We all know how damaging the credit card can be to out financial position if it is not properly managed. But when the damage is already done, what solution is there? The good news is that with a debt consolidation loan, dealing with this kind of debt can be done more quickly and efficiently.
It is difficult to criticize anyone that has found themselves deep in debt as a direct result of their credit card usage. The truth is that it is all too easy to be overwhelmed by them. And given that, the average American has three-four cards to their name, with a combined balance of some $50,000.

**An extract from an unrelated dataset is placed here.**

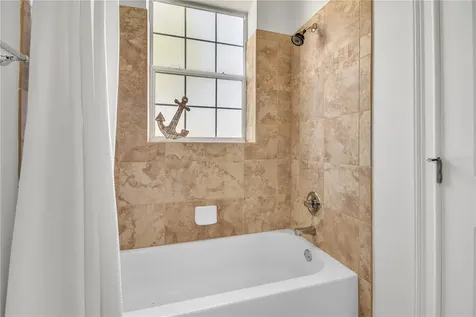 5363 NW 153rd Court Morriston FL 32668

Simply put, clearing credit card debt can be extremely difficult. Of course, those already with credit card troubles are hardly considered excellent credit borrowers. So, when it comes to applying for a debt consolidation loan with bad credit, can the terms available make the deal as effective as we would like to think? The simple answer is Yes! Consolidation might solve the problems.
You might wonder how we can be so certain that debt consolidation loans are an effective solution to the problems created by credit card debt. Well, the fact is that with such a loan, the entire debt can be cleared in one go. After all, consolidation means gathering the separate elements together to create a stronger position.
When it comes to clearing credit card debt, this is really the only way to go. Interest rates can be as high as 22% so when payment is missed, the missed payment fee combined with the interest can very quickly become too much to handle. In fact, a $50,000 debt can increase by as much as $1,000 each month.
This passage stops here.